Le réseau est parfois paumatoire mais de nombreux morceaux de scotch, de rubalise et des cairns facilitent le cheminement, nous n’aurons pas à hésiter souvent. Nous rampons un peu dans les désobstructions passées, descendons quelques petits puits, traversons un passage de roches noircies se découpant en un dentelage tourmenté comme un décor d’héroic fantaisy un peu punk, et aboutissons au « puits Nasa ». On s’use encore un peu les coudes et les genoux jusqu’à la « salle des Pets ». Là, ni bruit ni odeur remarquable: le nom de la salle doit être une « private joke » des explorateurs.
Nous longeons la galerie des « Fleuves Impassibles », nous abreuvant au passage à la courte cascade de « l’Oasis », aménagée pour accéder plus facilement à l’écoulement.
Après « les marmites » et du crapahut sur le « Chaos de Sisyphe » se trouve la zone où il ne faut pas se tromper: notre descriptif guide vers le « Black Hole » (95 m) mais nous voulons l’éviter pour atteindre la « galerie des Travaux Publics ». Après avoir failli nous égarer vers le « réseau du jardin d’enfant », Fred déniche des cordes équipées en fixe qui, par 2 puits, nous permettent d’atteindre la galerie désirée à – 254 m sous l’entrée.

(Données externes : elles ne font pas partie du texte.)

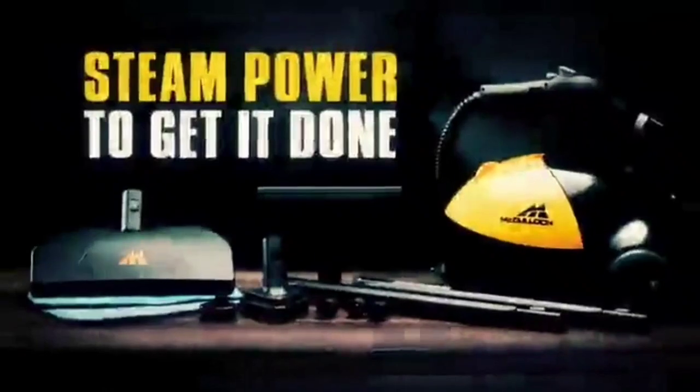Plus, it heats up quickly and can be used continuously for up to 45 minutes, making it ideal for large cleaning jobs.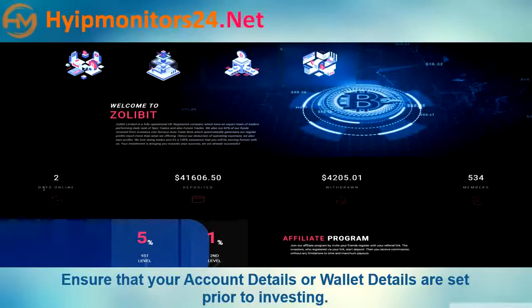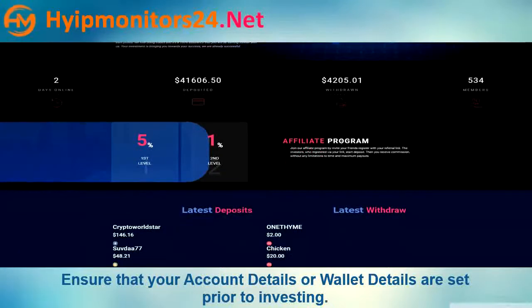Here are their current account details. Referral commission is 5% and 1%.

Là c’est l’extase: les parois sont recouvertes de bouquets de blanche Aragonite, des concrétions qui ressemblent à des étoiles de neige cristallisées et en 3D.
L’Aragonite est la forme stable du CaCO3 (carbonate de calcium) dans des conditions de haute pression. Comment ce carbonate peut-il cristalliser dans cette grotte dépourvue des enzymes qui sont d’ordinaire en jeu, et soumise à une pression atmosphérique en deçà des conditions de formation habituelles ? Les chercheurs cherchent toujours, mais préviennent que la grotte Vallier offre des conditions non pas « stables » mais « métastables », et qu’au fil des millions d’années cette aragonite se transformera en calcite. Cela laisse un peu de délai pour les prochaines générations de Vulcains.

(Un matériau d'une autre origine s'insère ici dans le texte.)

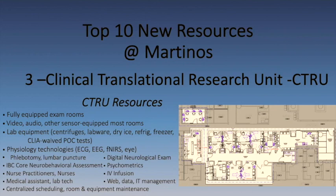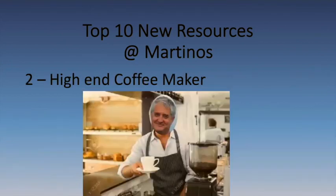So now I've given you some of the things happening at the Martino Center. Some of them are already here; some will be arriving over the next several months. Be excited about that. But I saved the best two for last.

Quelques escalades sont équipées en fixe et nous poursuivons jusqu’à un petit lac souterrain magnifique. Nous n’avons pas prévu de maillot de bain, donc il est temps de revenir.

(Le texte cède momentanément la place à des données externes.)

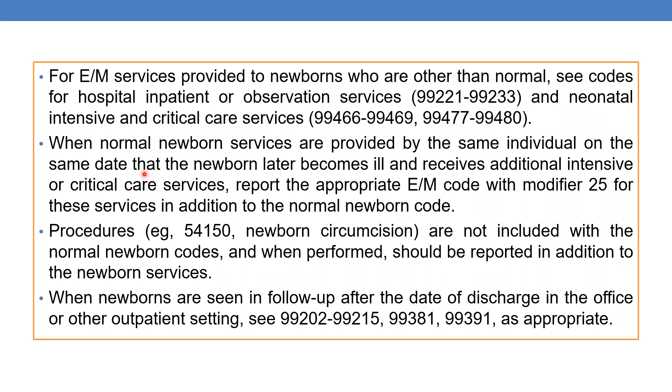When normal newborn services are provided by the same individual on the same day and that newborn later becomes ill and receives additional intensive or critical care services, report the appropriate E&M code with modifier 25 for those services in addition to the normal newborn care codes. You can report critical or intensive care services by appending modifier 25.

10 h 30 après notre entrée nous sommes de retour sur le seuil de la grotte. Il fait nuit, en bas les lumières de Grenoble scintillent, nous sommes fatigués mais éblouis. Un couple de spéléo venu du Sud est venu bivouaquer dans ce décor splendide, le matériel dispersé autour d’eux indique qu’ils comptent faire des photos d’anthologie.
Il reste une bonne heure et demie de descente raide sur un sentier boueux, et les douze coups de minuit ont déjà sonné quand nous pouvons enfin nous changer aux voitures et bivouaquer non loin.
Le lendemain, levés tôt, nous partons vers de nouvelles aventures. Stéph propose un petit canyon dans la grotte de l’Olette. Comme Florent et moi n’avons pas de néoprène, nous faisons une courte randonnée dans les gorges du Bruyant. Le Bruyant est un affluent du Furon, et surtout c’est la rivière souterraine qui courait jadis dans la grotte Vallier et désormais dans un réseau karstique plus profond. Nous arrivons à la vaste résurgence puis redescendons retrouver le reste de la bande ravi de sa sortie.
Nettoyage des cordes dans le Bruyant, picnic, et c’est le retour à Lyon. Nous avons les yeux cernés par la nuit courte mais comme toujours nous sommes impatients de la prochaine sortie. Qui justement est prévue la semaine d’après.